Went to the Widow Support Group last week, I had a good experience. I seriously expected it to me Mandy and I and a bunch of grandma's (which would have been fine) but that was not the case. It is amazing to look in the eyes of a complete stranger and see such empathy and understanding-I hurt inside for someone besides myself, which is good I think. I walked away feeling very fortunate in so many ways. Yes, I am what they call a "widow", but my husband wanted to be here he just could not be. His death was not violent or misunderstood, it was actually a very peaceful and beautiful thing. Closing of one door and the opening of another. He loved me and my children and I know he is watching me make every mistake I can from the other side :)...but I am trying, and I am learning from my mistakes and trying to do better each day. I want to live my life in a way that I can be proud and have no regrets.
I am thinking about working with Hospice, they are such amazing people, and I feel like I have a lot to offer to someone who is going through the same things we did.

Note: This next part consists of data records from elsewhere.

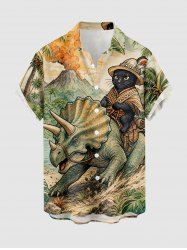 Chemise hawaïenne à boutons avec poche pour homme, imprimé chat, dinosaure, cocotier et volcan -  S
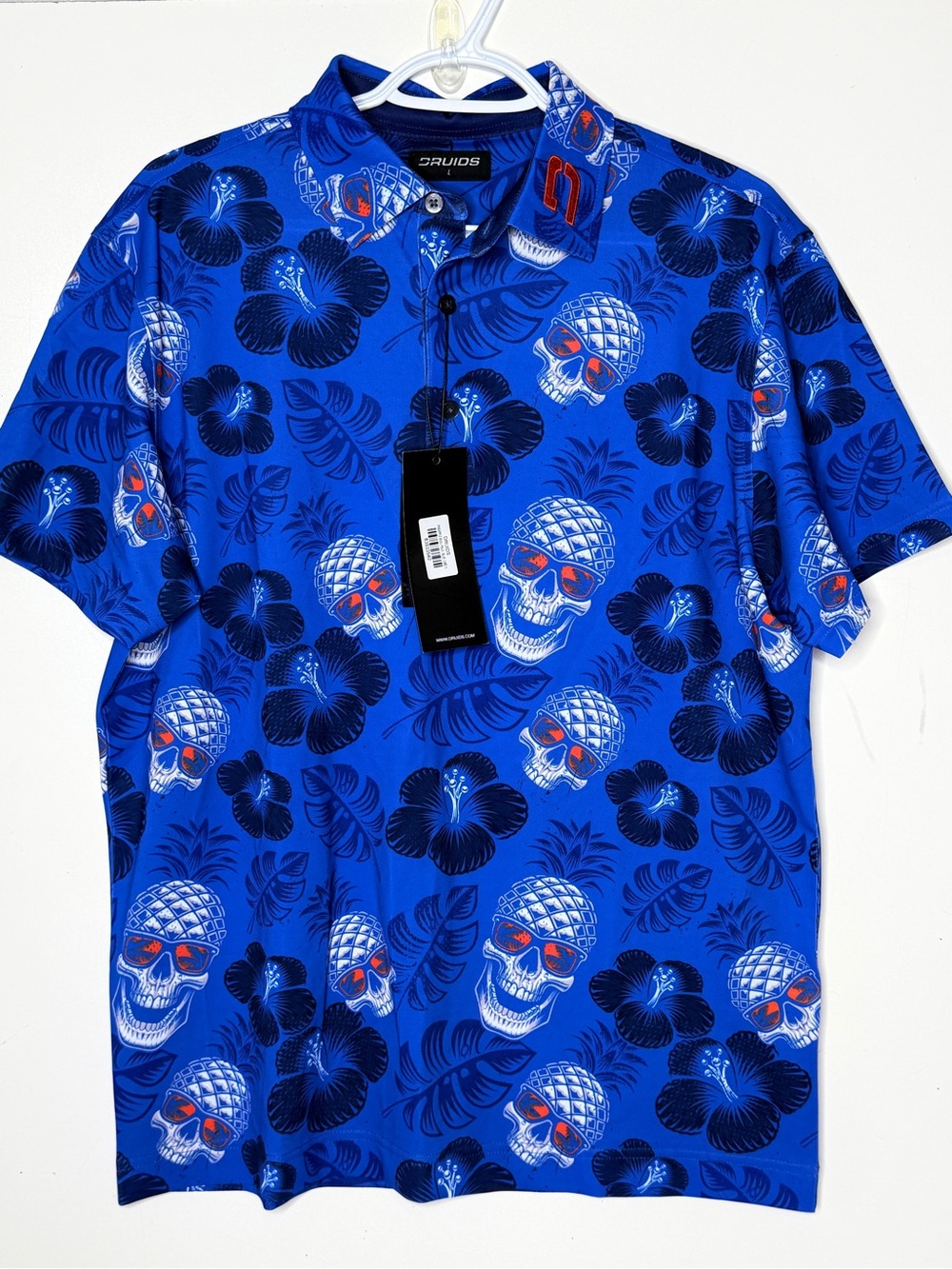 Druids golf polo pineapple skullz skull navy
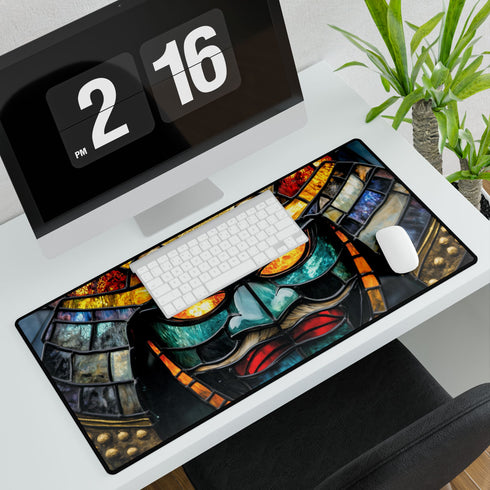 Stained Glass Samurai Mask — XL & XXL Desk Mat — 3mm Non-Slip Natural Rubber Base Detail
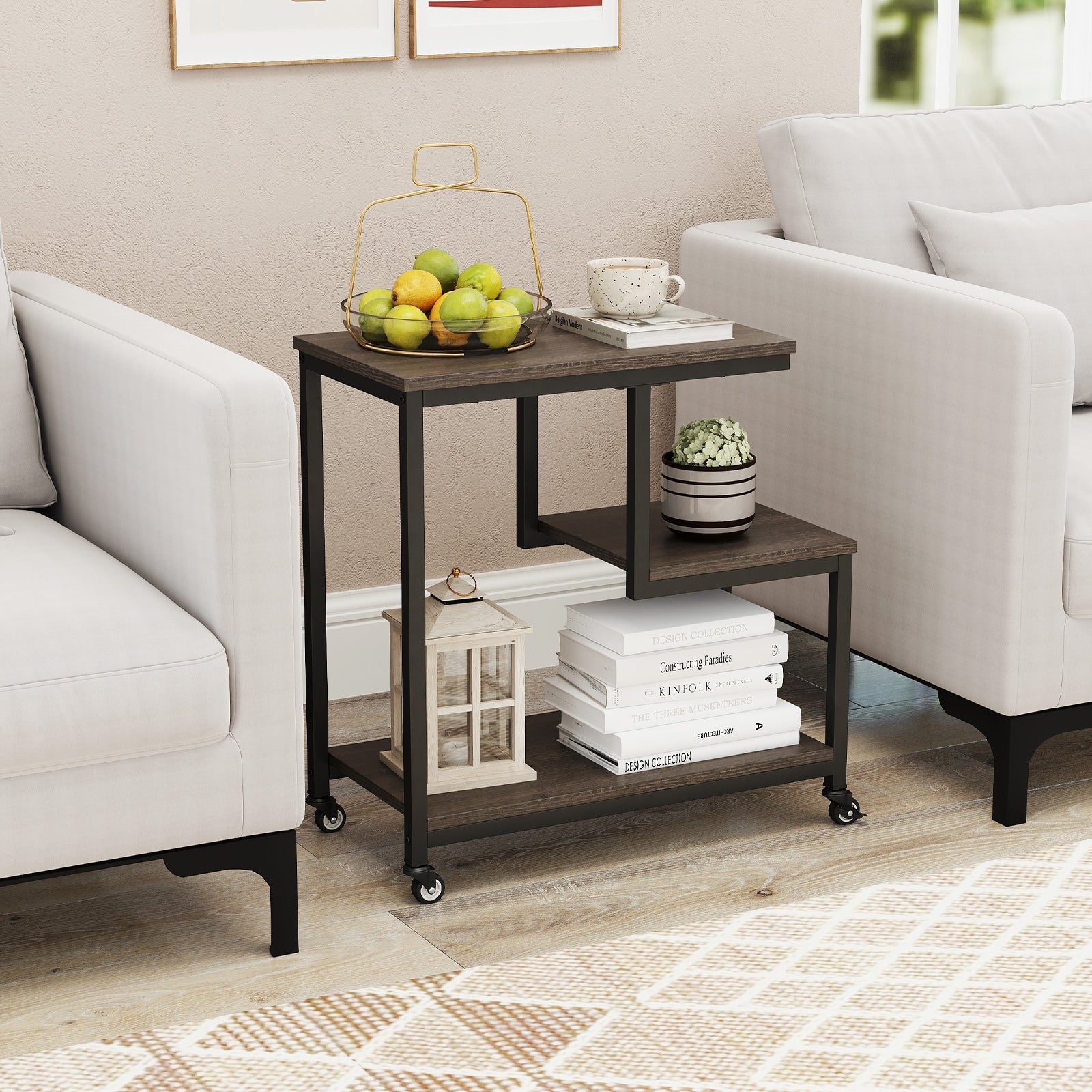 G-shaped Side Table 3-Tier Mobile End Table with Open Shelves-Gray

I want to give back for all those who gave to us.
NOTE: Everyone talks of things that will be difficult i.e. Holidays, Anniversaries etc. but I thought that really wouldn't be much of a problem for me because Glenn has not been able to be a part of our celebrations for so long. The hard things have been times when I want him there beside me sharing our life, the good and the bad. Well I was really wrong, I went to Tai Pan and they were playing Christmas music and I took me about 5 min. to realize that was why I was nauseated, I was physically sick and I hadn't even thought about Christmas- it is CRAZY the emotional cues your body takes, I am so not in control of any of that at this point.